I mentioned previously that the shape or configuration of the piece being sprayed can affect T.E. For example, if you are spraying flat panels, you should have better T.E. than if you are spraying a set of dining room chairs. Do you see my point? The dining room chair is more intricate and potentially wasteful of coating simply because of the small, irregular surfaces to be coated.
Here’s another thing that will improve T.E. over the long haul. I mentioned bounce back and overspray last week. There is “sweet spot” at which the tip should remain throughout a pass relative to the surface being sprayed. Tip to surface distance is critical.
I so often tell people that speed and distance are your friends. Well, that’s positive “spin” used to avoid talking about the fact that they can also be your enemy. Distance affects the width of the pattern and the mils of coating applied per square inch of surface. The speed of the gun also affects the mils of coating applied per square inch. But distance can also affect bounce back and overspray. Find the sweet spot and train yourself to hold the gun at that distance at all times. One source I read says that you can improve T.E. by 38% by maintaining proper tip to surface distance.
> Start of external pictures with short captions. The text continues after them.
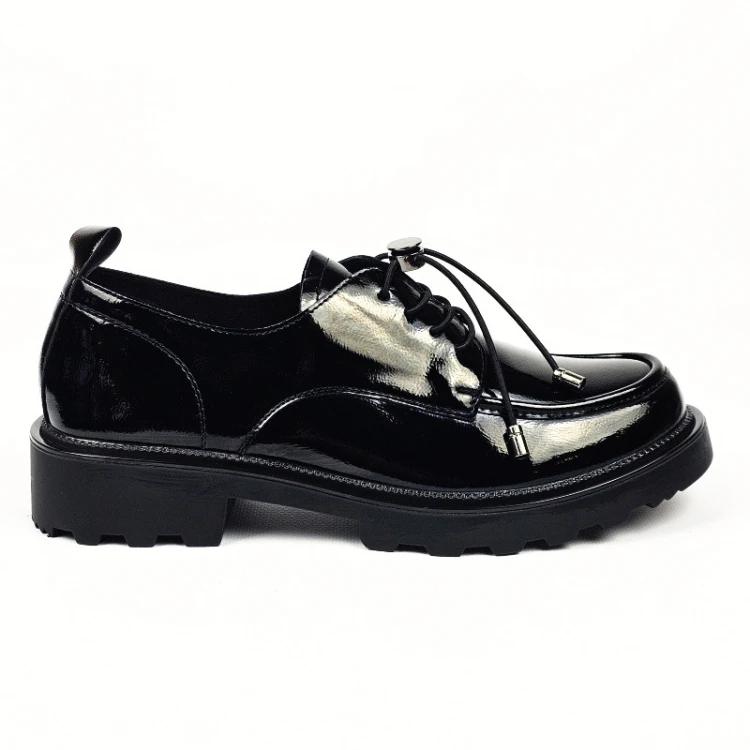 czarne-loafersy-damskie-lakierowane-eleganckie-pas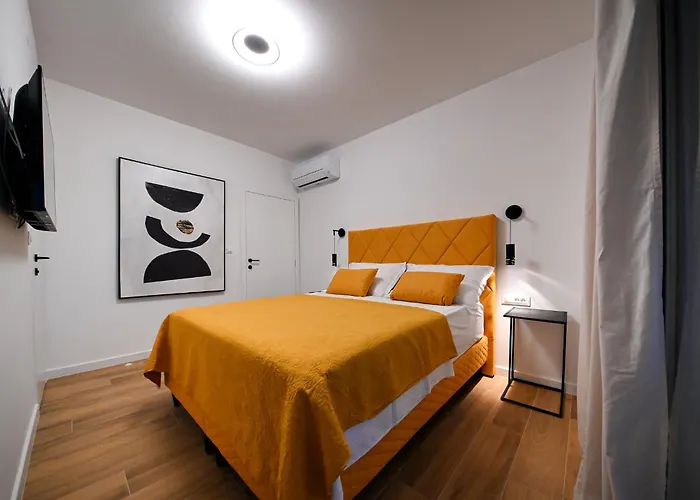 Nostro Porto With Pool 빌라 *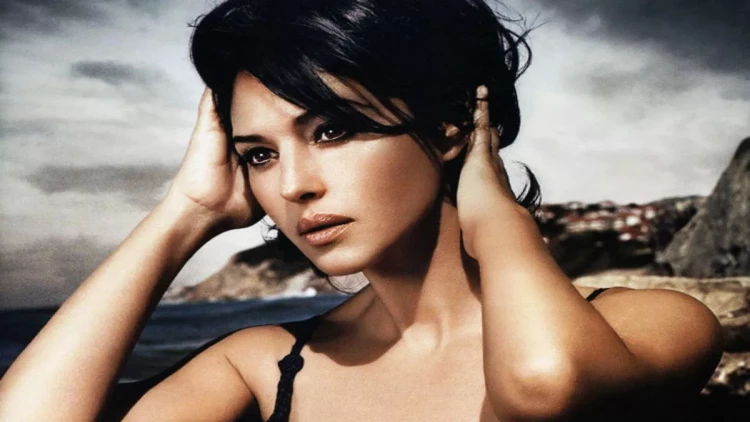 Bütün zamanların ən gözəl qadınının adı AÇIQLANDI - FOTO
Come the end of the job, come the end of the day, and come the end of the year…think of ways to improve T.E. In order to do so, T.E. needs to be on your mind when you pick up the gun. Think about these things.
• Am I using the right equipment for this job?
• Do I have my equipment set up properly to maximize T.E?
• How am I going to spray this piece for maximum T.E?
o Other things not part of the flat surface
• What pattern(s) will work best on this piece?
• When do I cycle the fluid valve on and off relative to the edge of the surface being sprayed?
All this and more will help you reduce waste. So now, are you ready for the punch line?
Remember…it is a waste of time and money to practice bad habits. Always practice to improve your skills.
In conclusion, I would like to repeat one more thing that I’ve said before. If you are the builder, think like a finisher. Ask yourself how you would build this particular piece if you were going to spray it yourself. So many times I have seen builders build something that is exceedingly difficult to spray. If only you would stop and consider building subassemblies that could be quickly assembled after they are finished. It would not only save labor costs in the spray shop, it would improve T.E.